Work item
The records below are to be repeated exactly, and their pictures left out.

*** Raw data Section Begins ***

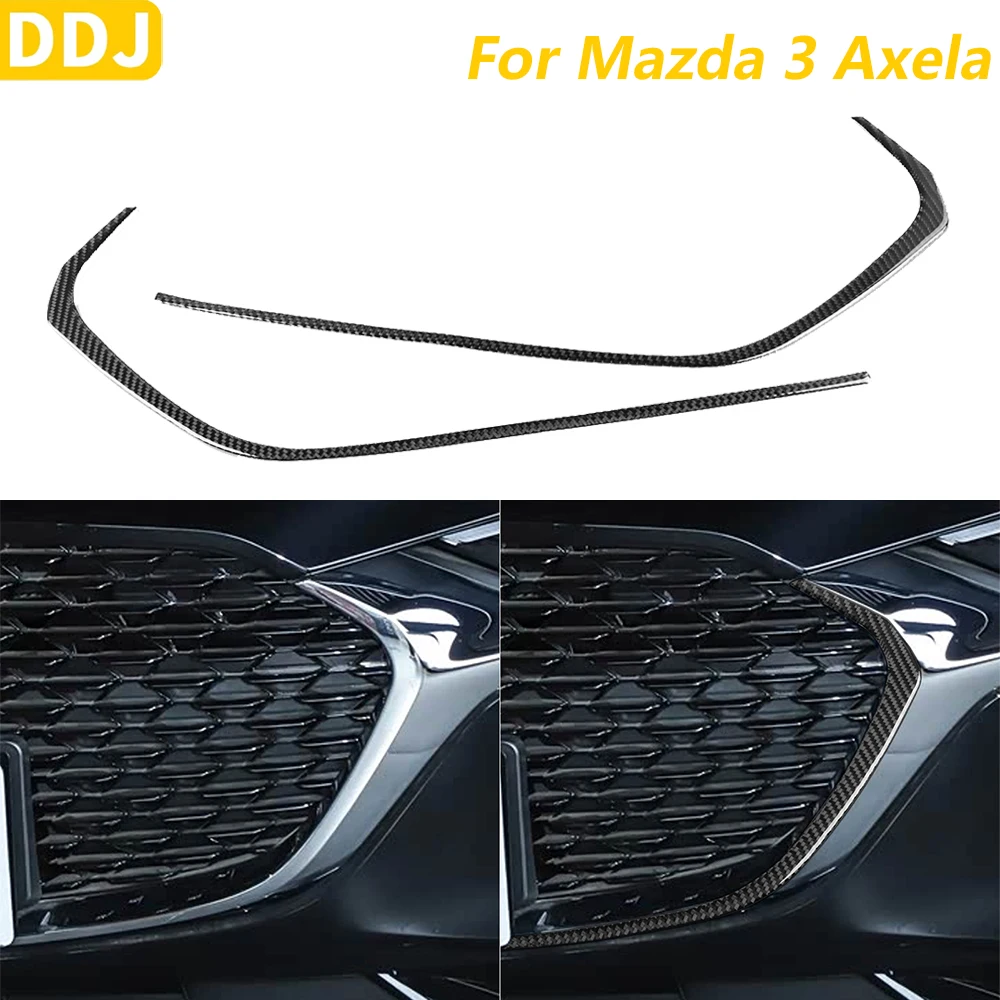 

Real Soft Carbon Fiber Front Bumper Grille Air Intake Frame Panel Trim Strips For Mazda 3 Axela 2019-2026 Interior Accessories
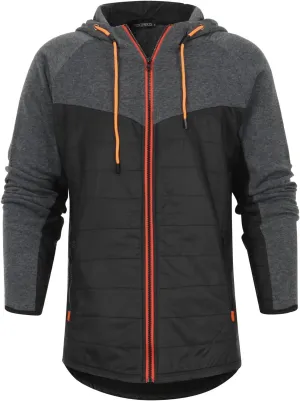 Warm Hoodies For Men Zip Up Hoodies Slim Fit Color Block Quilted Sweatshirts Jacket With Zipper Pockets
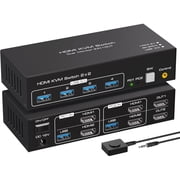 8K HDMI KVM Switch for 2 Monitors and 2 Computers   8K@60Hz & 4K@120Hz, Dual Monitor KVM Switcher for 2 PCs, Share 4 USB 3.0 Devices, Supports Copy & Extend Mode, with External Accessories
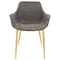 Leisuremod Markley Modern Leather Dining Arm Chair with Gold Metal Legs, Grey, 4PK ECG26GR4 - alternate 9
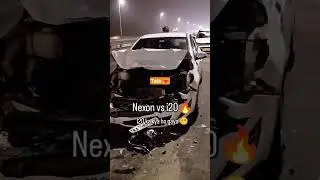 Tata Nexon crashed with i20 #tatanexon #nexoncrash #hyundaii20 #i20crash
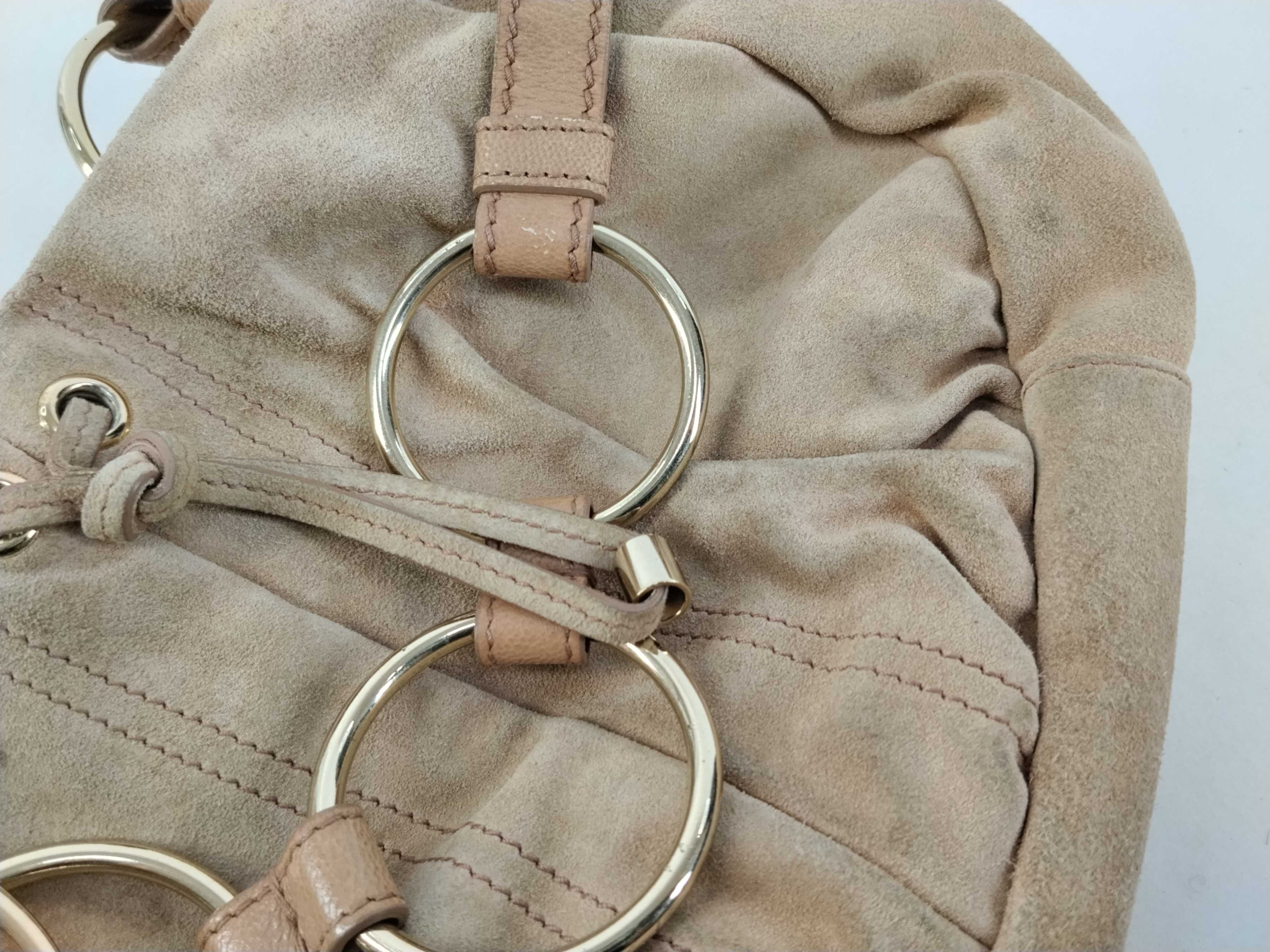 shoulder bag, suede, logo charm, beige. — view 14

*** Raw data Section Ends ***

Reply to the exercise
Real Soft Carbon Fiber Front Bumper Grille Air Intake Frame Panel Trim Strips For Mazda 3 Axela 2019-2026 Interior Accessories
 Warm Hoodies For Men Zip Up Hoodies Slim Fit Color Block Quilted Sweatshirts Jacket With Zipper Pockets
 8K HDMI KVM Switch for 2 Monitors and 2 Computers   8K@60Hz & 4K@120Hz, Dual Monitor KVM Switcher for 2 PCs, Share 4 USB 3.0 Devices, Supports Copy & Extend Mode, with External Accessories
 Leisuremod Markley Modern Leather Dining Arm Chair with Gold Metal Legs, Grey, 4PK ECG26GR4 - alternate 9
 Tata Nexon crashed with i20 #tatanexon #nexoncrash #hyundaii20 #i20crash
 shoulder bag, suede, logo charm, beige. — view 14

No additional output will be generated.